Your instructions - Print each record below precisely, with every picture left out of the copy.

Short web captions
------------------------------

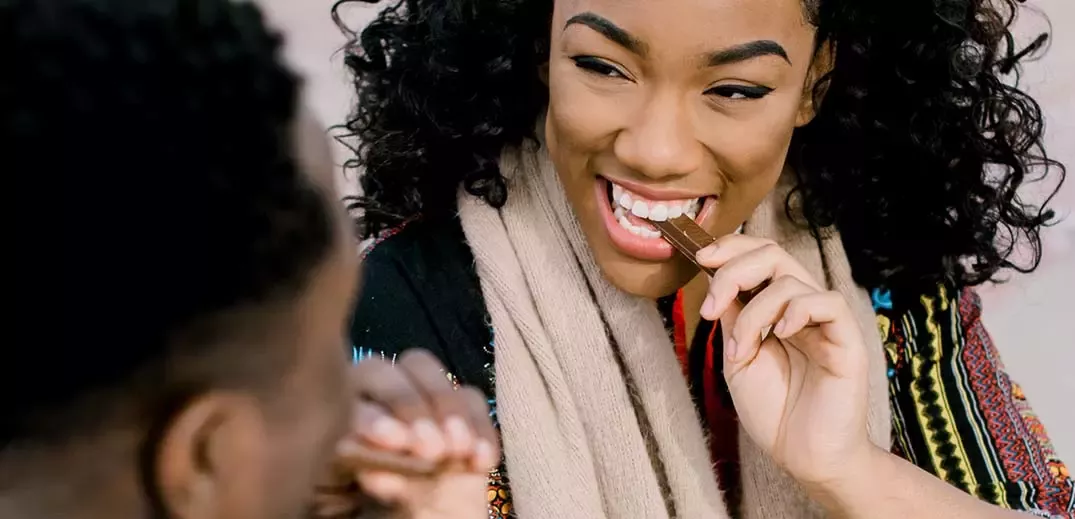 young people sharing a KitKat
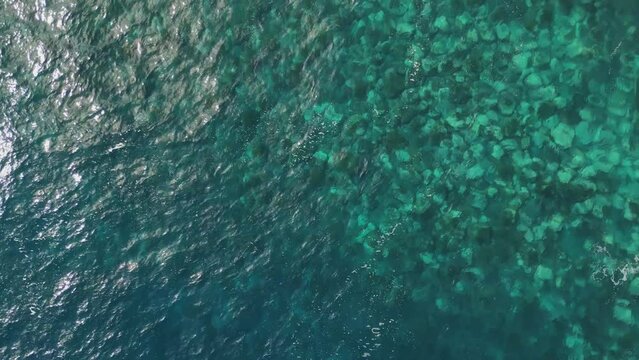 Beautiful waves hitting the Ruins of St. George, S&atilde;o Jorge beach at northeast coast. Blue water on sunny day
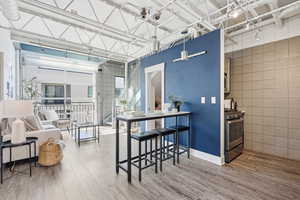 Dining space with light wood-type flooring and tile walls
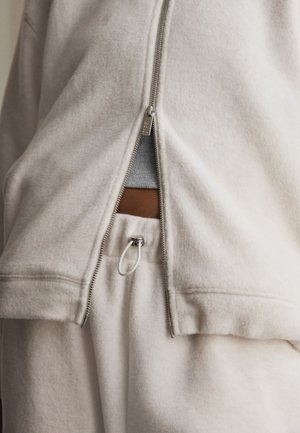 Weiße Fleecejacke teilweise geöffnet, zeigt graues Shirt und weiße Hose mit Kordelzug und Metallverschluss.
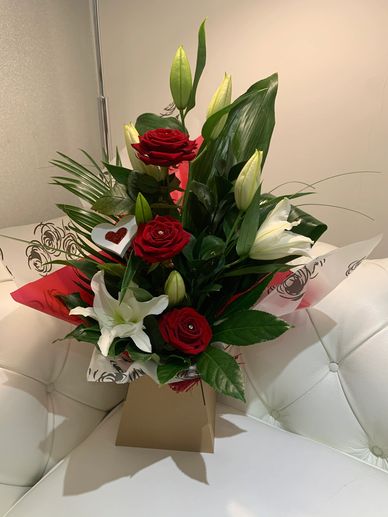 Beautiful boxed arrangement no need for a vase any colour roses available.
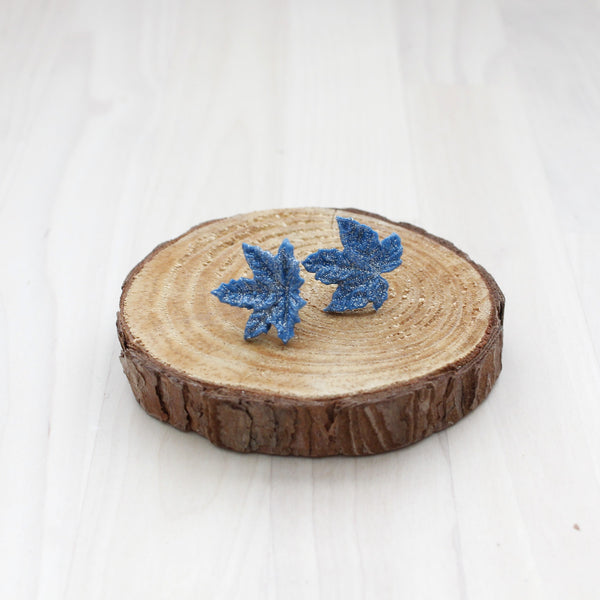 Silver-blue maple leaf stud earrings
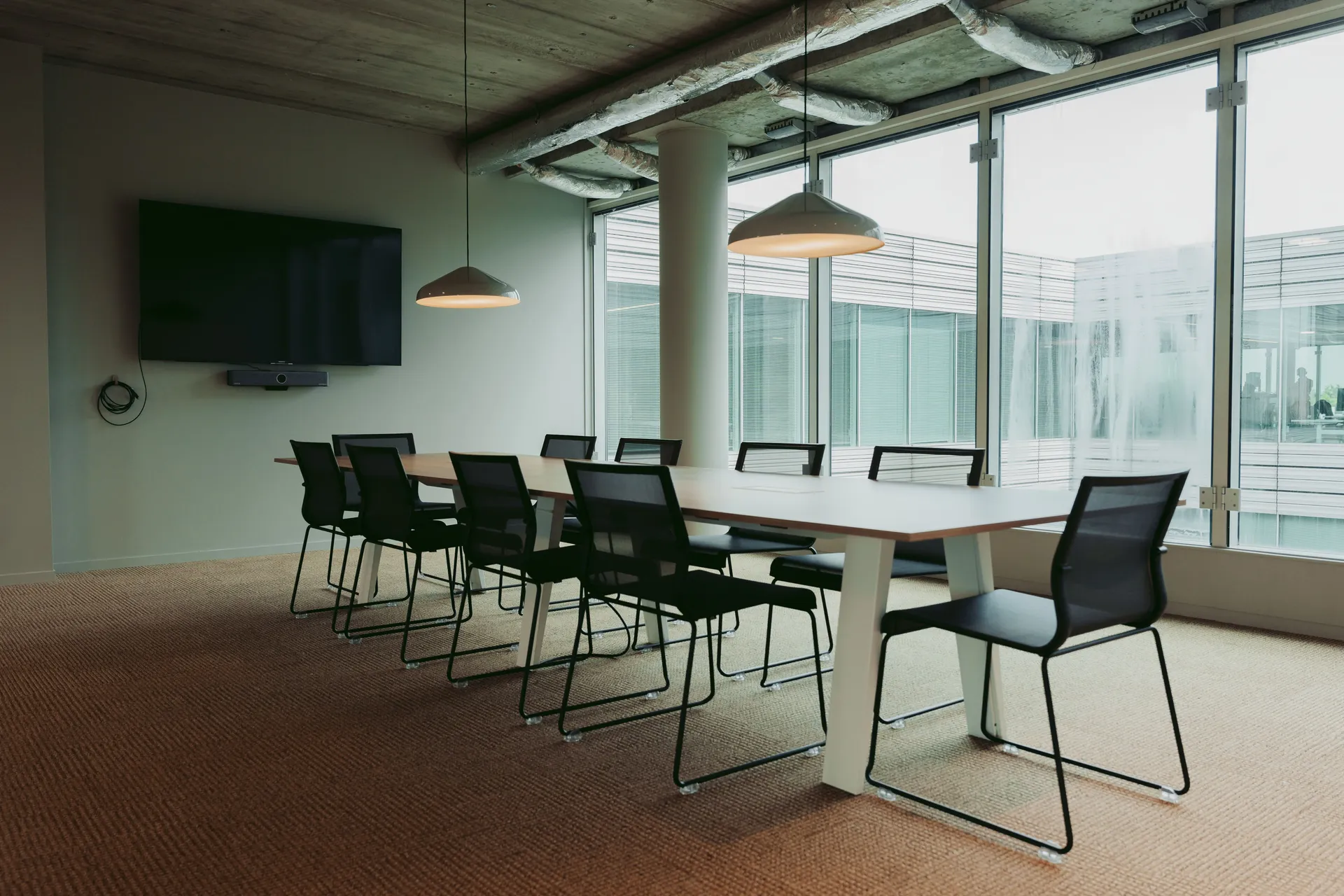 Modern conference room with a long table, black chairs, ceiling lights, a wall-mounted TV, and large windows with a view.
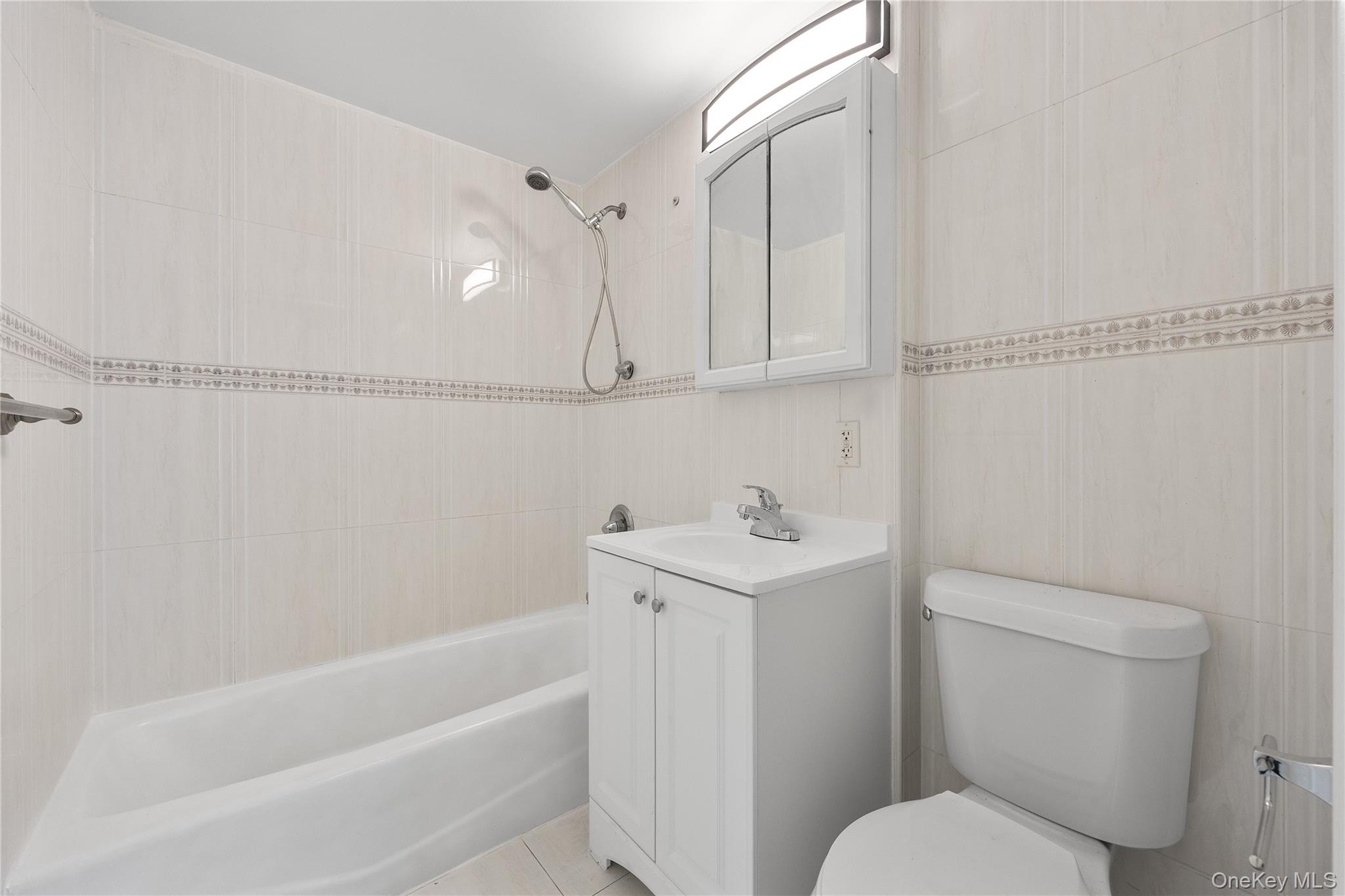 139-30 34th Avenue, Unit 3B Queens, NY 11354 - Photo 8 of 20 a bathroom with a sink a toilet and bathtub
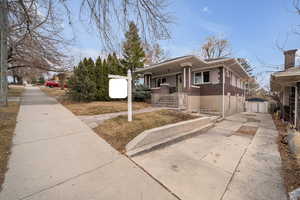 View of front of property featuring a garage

------------------------------

Reply to the exercise -
 young people sharing a KitKat
 Beautiful waves hitting the Ruins of St. George, S&atilde;o Jorge beach at northeast coast. Blue water on sunny day
 Dining space with light wood-type flooring and tile walls
 Weiße Fleecejacke teilweise geöffnet, zeigt graues Shirt und weiße Hose mit Kordelzug und Metallverschluss.
 Beautiful boxed arrangement no need for a vase any colour roses available.
 Silver-blue maple leaf stud earrings
 Modern conference room with a long table, black chairs, ceiling lights, a wall-mounted TV, and large windows with a view.
 139-30 34th Avenue, Unit 3B Queens, NY 11354 - Photo 8 of 20 a bathroom with a sink a toilet and bathtub
 View of front of property featuring a garage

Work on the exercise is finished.